Ursprünglich legten DJs den Funk auf riesigen Partys in den Favelas auf, die vor allem dazu dienten, den Drogenverkauf anzukurbeln. In vielen befriedeten Favelas hat die Militärpolizei diese Feste deshalb verboten. Der Baile Funk ist in Rio unterdessen zu einem interessanten Massenphänomen geworden: alle hören ihn gerne und niemand gibt es zu. Unvergesslich ist für mich, wie João auf einer Party auf dem Historiker-Campus laut mitsang und Arme und Hüften schwenkte, während er erklärte: „Diese Musik ist furchtbar, wirklich, die Texte sind ganz schlimm und frauenverachtend. Nur der Beat reißt einen irgendwie mit…“.

Auch auf der Juni-Party tanzen die Freunde und Freundinnen von Neto und seinem Bruder so, wie es die Videoclips vormachen: Mit kreisendem und vibrierendem Hintern geht man in die Knie, runter bis zum Boden („até o chão“), die Mädels meistens mit einer Freundin vor und/oder hinter sich. Eine eindeutig-zweideutige Art zu tanzen, an die ich mich nicht gewöhnen kann. Wenn eine Brasilianerin anfängt, sich scherzhaft an mir zu reiben, werde ich rot und wünsche mir, in der Tanzfläche würde sich ein Loch auftun, in dem ich verschwinden könnte.

Außerdem typisch für brasilianische Partys: Es wird geknutscht – unabhängig von der Musik, die läuft. „Divirtete e beija na boca“, vergnüge dich und küsse auf den Mund, ist eine übliche Redewendung in Brasilien.

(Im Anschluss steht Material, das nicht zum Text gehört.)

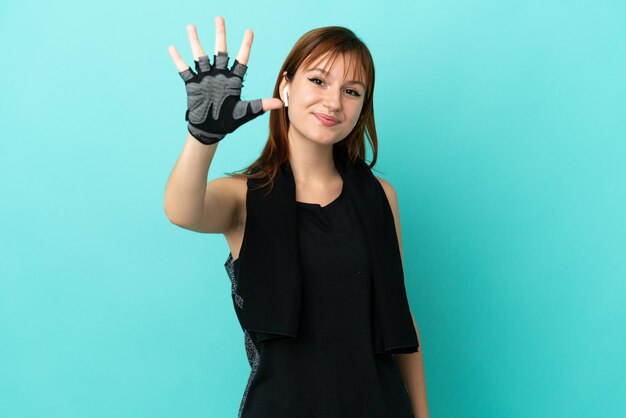 Redhead sport girl isolated on blue background counting five with fingers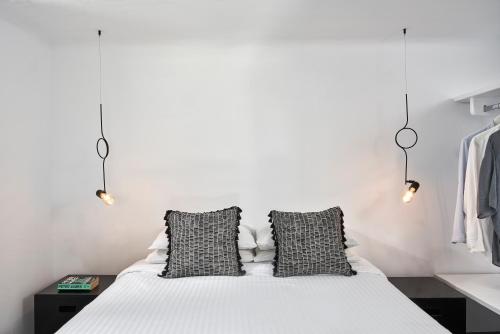 a bedroom with a bed with two black and white pillows at Almyra Guest Houses in Paraga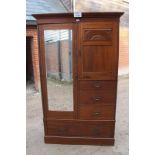 An Edwardian walnut wardrobe compactum with hanging space,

Feiern heißt flirten und beim Tanzen versuchen die Männer regelmäßig, ihre Tanzpartnerin zu küssen, oft mit Erfolg. Zu mehr kommt es meistens nicht: Junge Brasilianer und Brasilianerinnen wohnen entweder noch bei ihren Eltern oder teilen sich ein Zimmer mit mehreren anderen Studenten. Außerdem haben die Frauen Angst um ihren Ruf – beim Knutschen verliert man den aber offenbar nicht. Als ich neulich mit meinen Mitbewohnerinnen und Freundinnen von ihnen in Lapa unterwegs war, knutschten irgendwann alle, bis auf ein Mädchen und mich. Daraufhin teilten wir beide uns ein Taxi zurück nach Niterói.

Auch auf dem Juni-Fest wird fleißig geküsst, doch es bilden sich auch viele größere Gruppen, die im Kreis tanzen. Ab zwei Uhr morgens wird wieder Country-artige Musik gespielt und ich hüpfe mit den anderen Ringelreihen, einerseits, weil das ziemlich viel Spaß macht und die ausgelassene Stimmung der anderen einfach ansteckend ist und andererseits, weil ich sonst erfrieren würde in diesem Garten in den Bergen am Ende der Stadt.

Eine Freundin von Sarah verlässt in einer kleinen Gruppe die Tanzfläche, sie kehrt grinsend und mit geröteten Augen zurück. Wie auch Sarah arbeitet das Mädchen für eine Nichtregierungsorganisation in einer Favela. Ich frage mich, ob sie nicht mehr tun würde für die Menschen dort, wenn sie in den USA geblieben wäre und keine Drogen in dem Armenviertel kaufen würde – schließlich ist der Drogenhandel und die Herrschaft der Drogenbosse das größte Problem für die Menschen dort.

Doch anstatt eine Diskussion darüber anzufangen, tanze ich noch ein wenig eingehakt mit fremden und bekannten Menschen im Kreis, bevor ich erschöpft und zufrieden in den Bus-Sitz sinke.